### What to produce
Reproduce the listing exactly and skip over any pictures.

■ ■ ■ ■

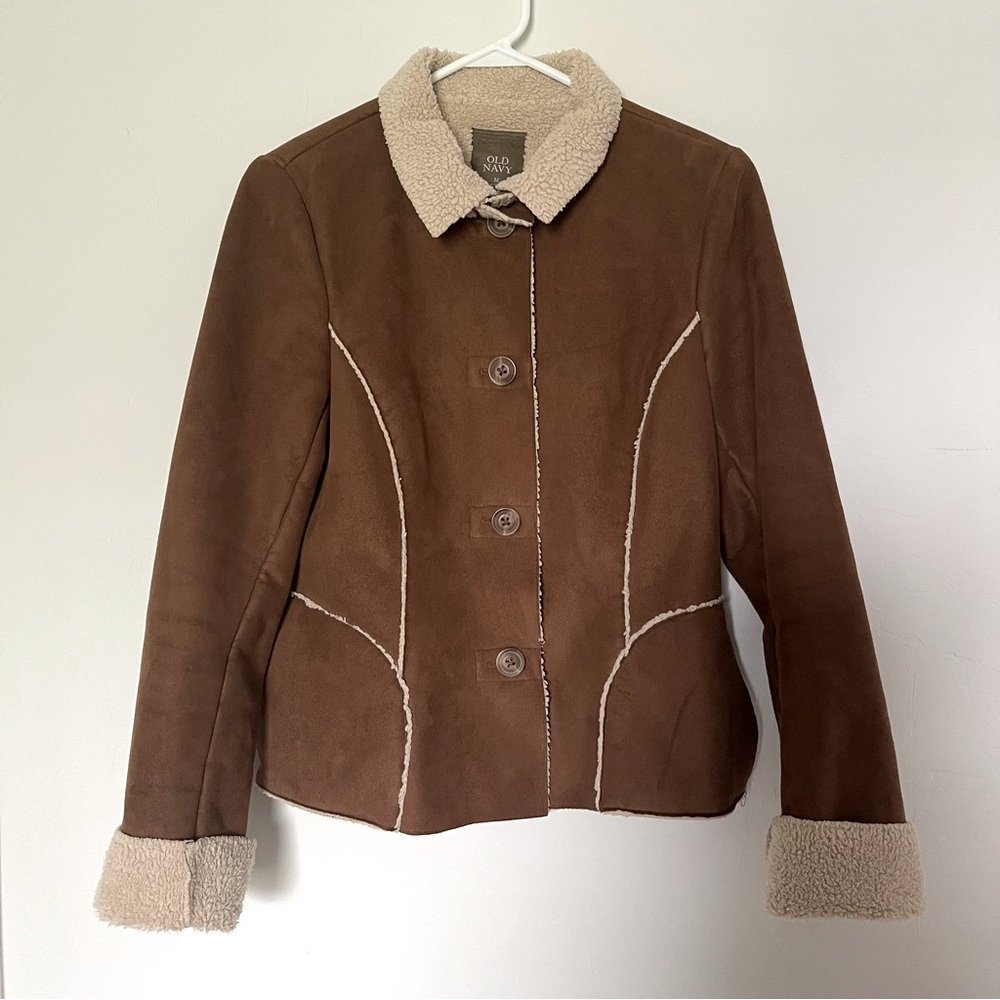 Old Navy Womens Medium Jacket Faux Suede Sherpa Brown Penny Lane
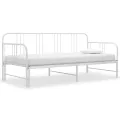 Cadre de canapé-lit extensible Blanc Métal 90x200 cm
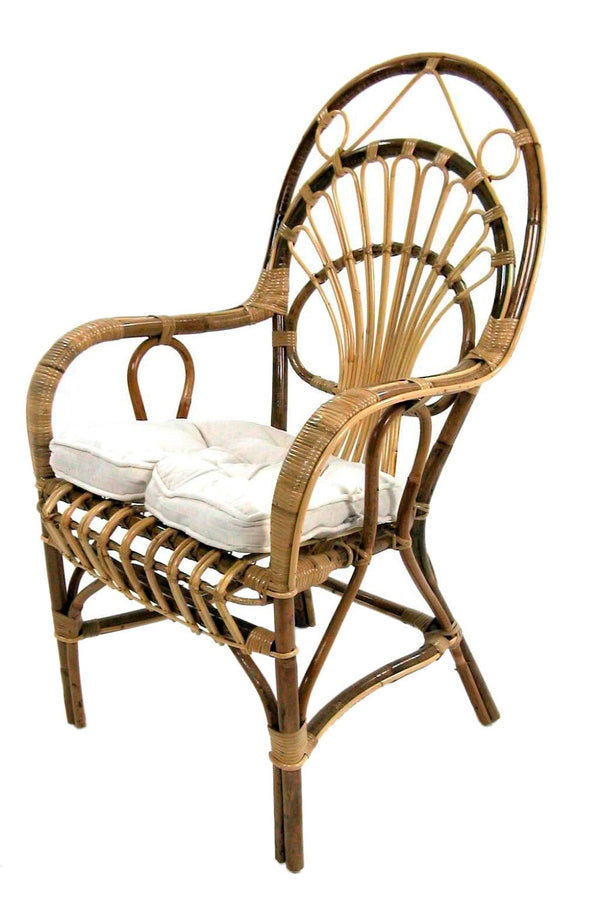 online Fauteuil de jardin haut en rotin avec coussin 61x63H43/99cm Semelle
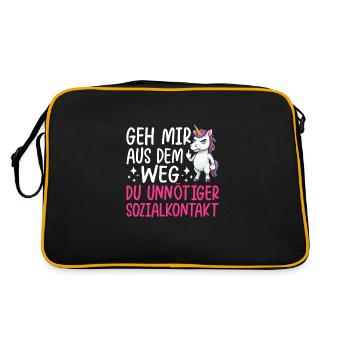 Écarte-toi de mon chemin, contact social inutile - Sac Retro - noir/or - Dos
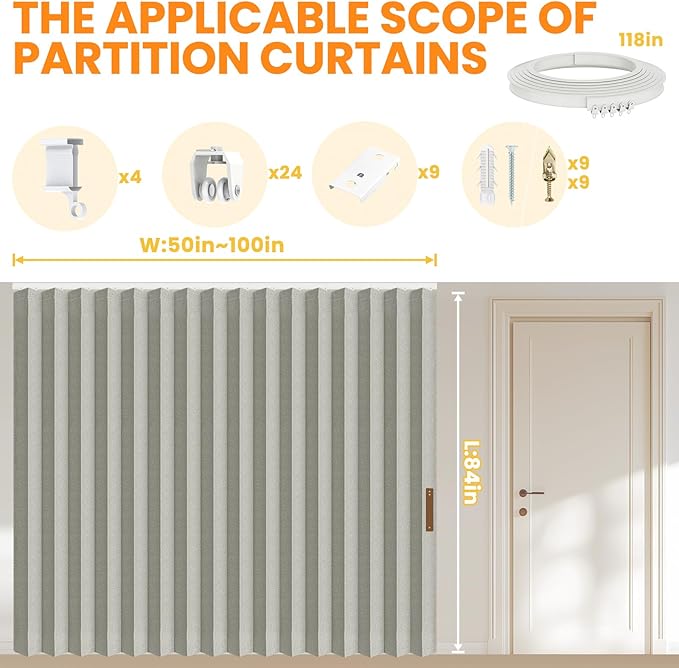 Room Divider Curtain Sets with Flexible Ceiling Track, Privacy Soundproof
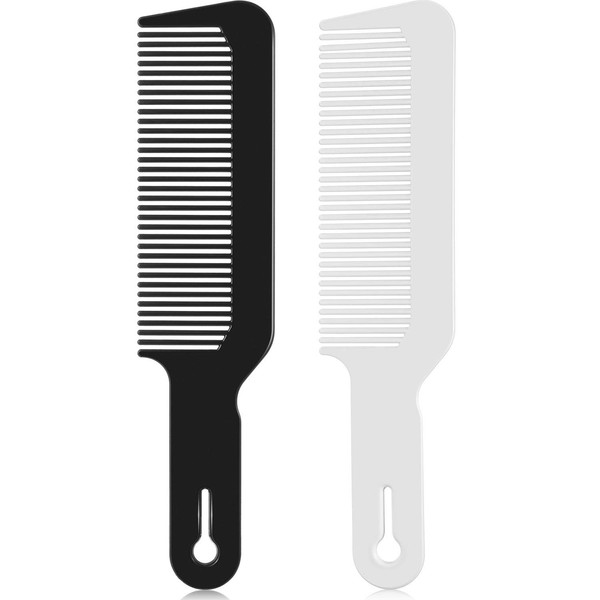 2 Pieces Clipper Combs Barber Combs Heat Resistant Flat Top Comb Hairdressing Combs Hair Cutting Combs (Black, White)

■ ■ ■ ■

### Reply to the task
 Old Navy Womens Medium Jacket Faux Suede Sherpa Brown Penny Lane
 Cadre de canapé-lit extensible Blanc Métal 90x200 cm
 online Fauteuil de jardin haut en rotin avec coussin 61x63H43/99cm Semelle
 Écarte-toi de mon chemin, contact social inutile - Sac Retro - noir/or - Dos
 Room Divider Curtain Sets with Flexible Ceiling Track, Privacy Soundproof
 2 Pieces Clipper Combs Barber Combs Heat Resistant Flat Top Comb Hairdressing Combs Hair Cutting Combs (Black, White)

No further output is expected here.